В специальной записке Третьего отделения об усовершенствовании тайного надзора говорится о тяжелой участи лиц, занимающихся осведомительством жандармов: «Доноситель за обнаружение и истребление зла не только редко, мало или вовсе не вознаграждается, но всегда злобно преследуется и рано или поздно бывает злодейски язвим своими врагами. Они всю жизнь ему не прощают, клевещут и домогаются судить его… Имя доносчика — как бы справедлив он ни был, подвергается порицанию, доносившего отовсюду вытесняют и стараются не давать ему нигде места в службе. Он несчастнейшее существо». Поэтому, делает анонимный автор записки вывод, «никогда не нужно объявлять благонадежнейших доносителей, их надлежит сильно защищать».
Но это, как говорится, хорошая теория, а что же делалось на практике?

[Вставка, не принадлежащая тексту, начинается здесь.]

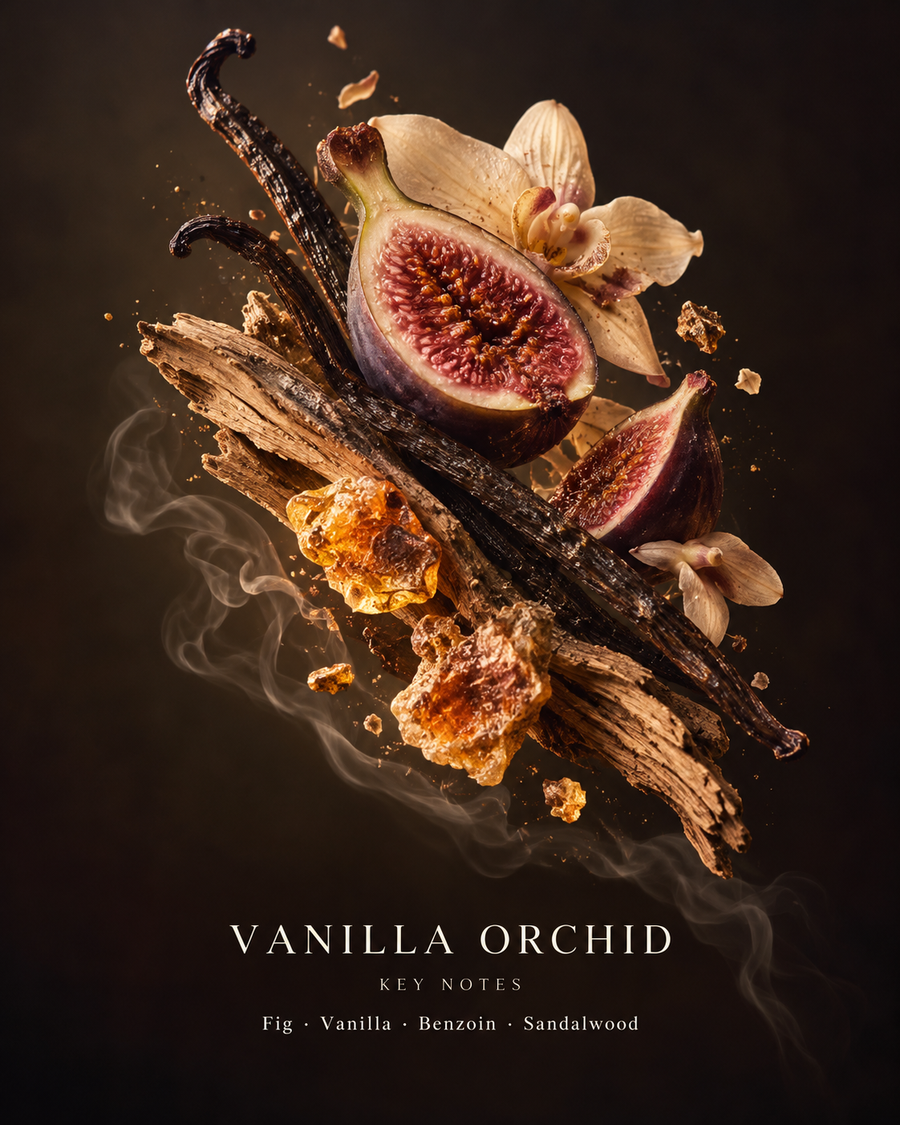 Vanilla Orchid (75ml) Feminine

В реальной жизни все было не так просто. Осведомителей многие жандармские генералы глубоко в душе презирали и давали им это понять самым бесцеремонным и неприкрытым образом. Русский историк М. К. Лемке (1872–1923) утверждал, что как Бенкендорф, так и Дубельт, рассчитываясь с ними, в зависимости от ранга информатора исходили из сумм 3, 30 и 300 рублей или червонцев — как бы в память о 30 сребрениках, за которые Иуда продал Христа. Некоторые «добродетельные» генеральские сердца становились даже на путь предательства — такие, например, как упоминавшийся уже нами генерал А. А. Сапынский, в частности, предупредивший А. И. Герцена о необходимости соблюдения осторожности в разговорах: «Почем вы знаете, что в числе тех, которые с вами толкуют, нет всякий раз какого-нибудь мерзавца, который лучше не просит, как через минуту прийти сюда с доносом». Тот же Сагтынский во время ареста петрашевцев 23 апреля 1849 года демонстративно держал в руке документ, в котором был указан агент-доноситель П. Д. Антонелли, да так, чтобы арестованные непременно могли прочитать. Первым фамилию секретного сотрудника прочел Ф. М. Достоевский и тут же поставил об этом в известность своих товарищей. Что пережил потом бедный Антонелли, можно только догадываться.
Такое поведение первых жандармов России мы можем объяснить только тем, что тайный сыск со всеми его «прелестями» был для них делом новым и непривычным. Все они только что оторвались от чисто военной среды, в которых доносы считались гнусным и позорным делом. «Чистоплюйство» неоднократно подводило дворян и мешало им приспосабливаться к новым условиям жизни и работы. Корпоративный дух, корпоративная мораль только начинали зарождаться в недрах Третьего отделения, и понадобятся десятилетия, прежде чем они зримо и прочно воплотятся в деятельности руководителя Особого отдела Департамента полиции С. В. Зубатова, считавшего для себя «сношение с агентурой самым радостным и милым воспоминанием», а «агентурный вопрос — святая святых» [40] .
40
В письме к В. Л. Бурцеву от 21 марта 1908 года.